▶ [ACTION ITEM]: Pictures in the entries below are excluded; copy only the lines from the one containing "Lotta børneforklæde (indigo) - med seler" to the one containing "1 RICHARDSON Court, Pekin, IL 61554", both included.

▶ [TASK INPUT]:
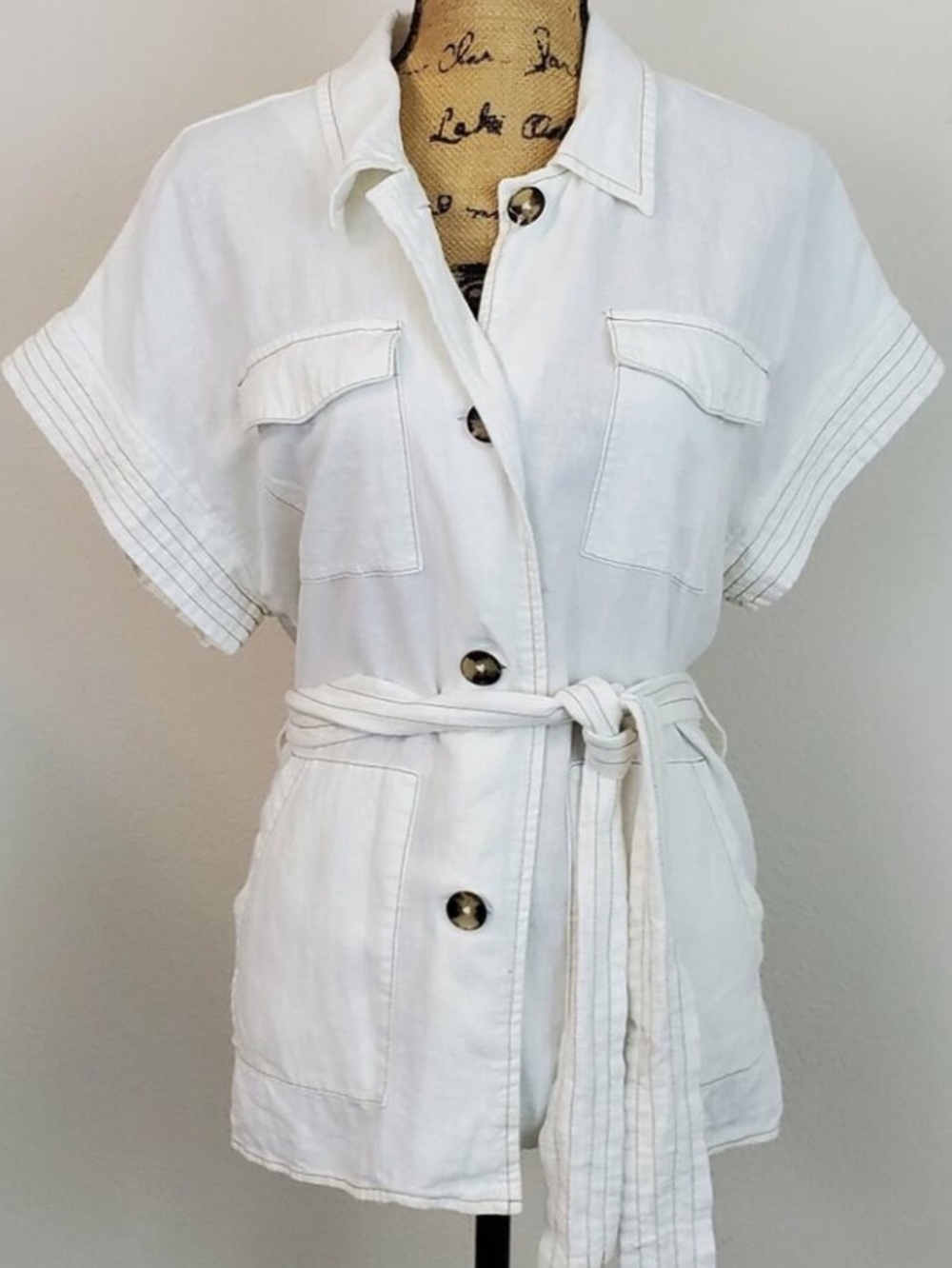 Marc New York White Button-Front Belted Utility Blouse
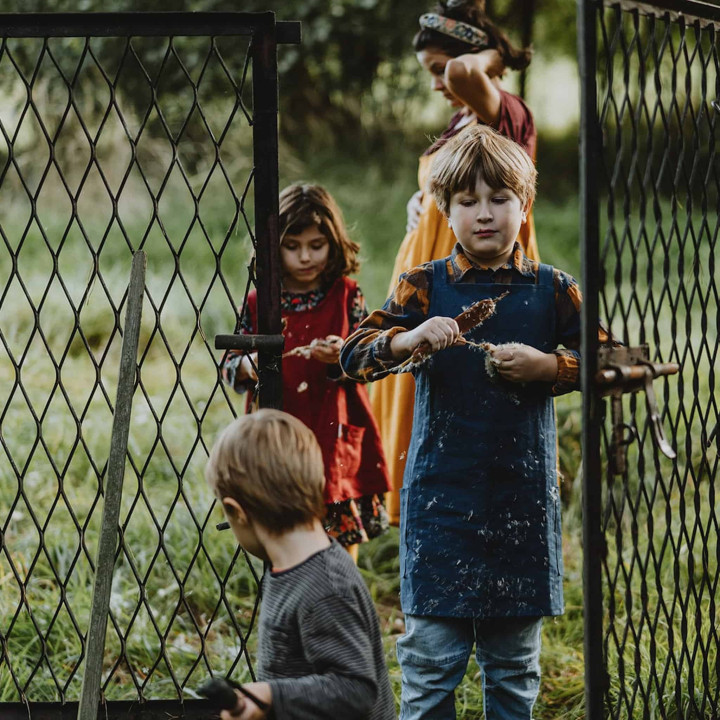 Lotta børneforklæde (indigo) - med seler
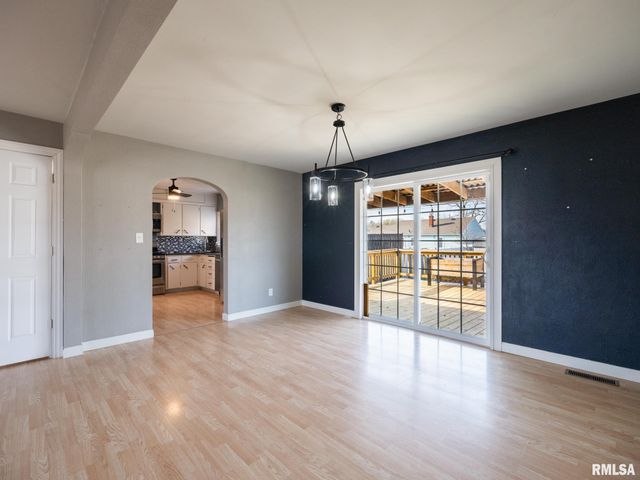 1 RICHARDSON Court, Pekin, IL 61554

* * *

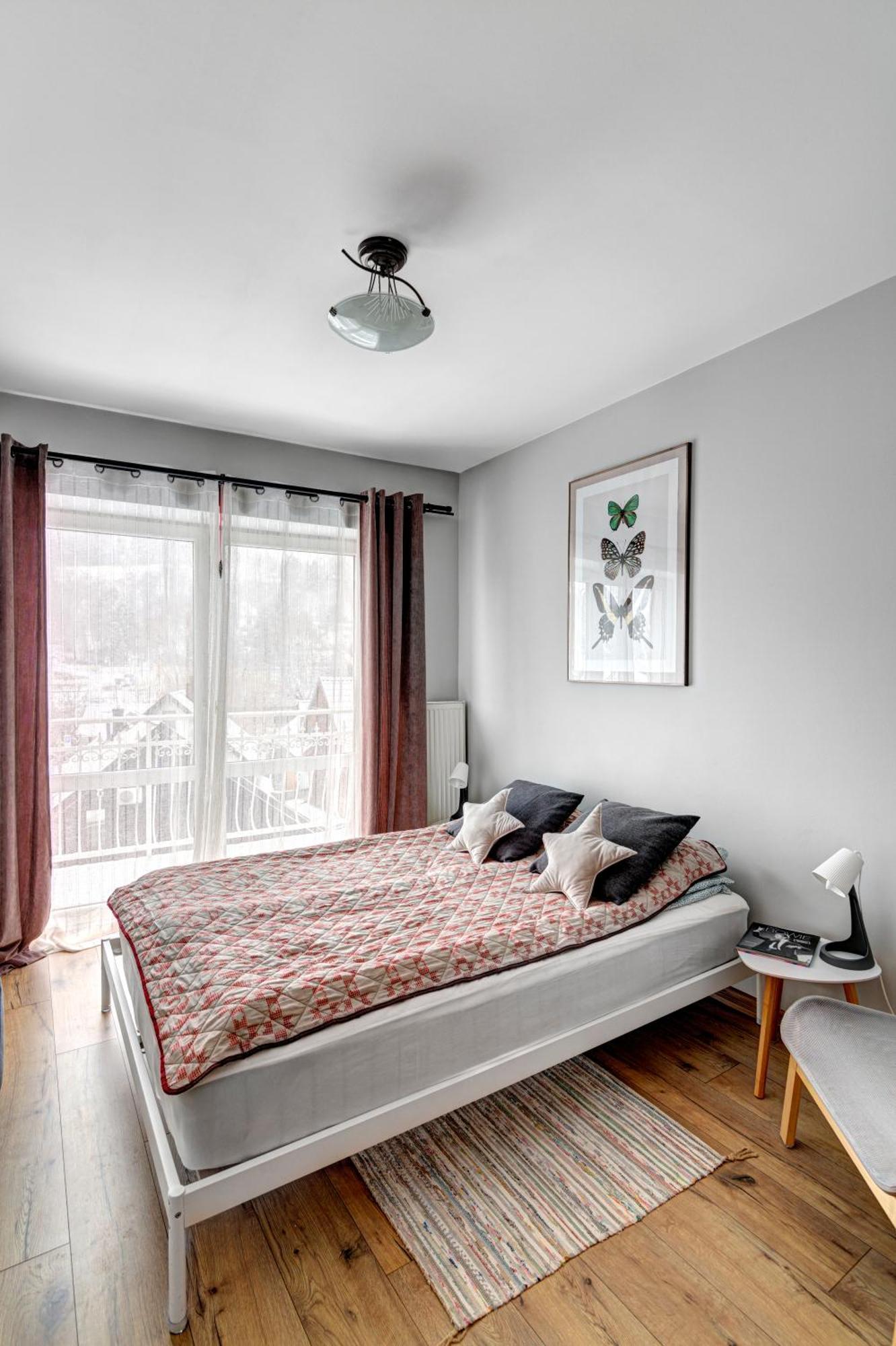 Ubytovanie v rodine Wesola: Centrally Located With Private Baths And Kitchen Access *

▶ [SOLUTION FOR THIS PROBLEM]:
 Lotta børneforklæde (indigo) - med seler
 1 RICHARDSON Court, Pekin, IL 61554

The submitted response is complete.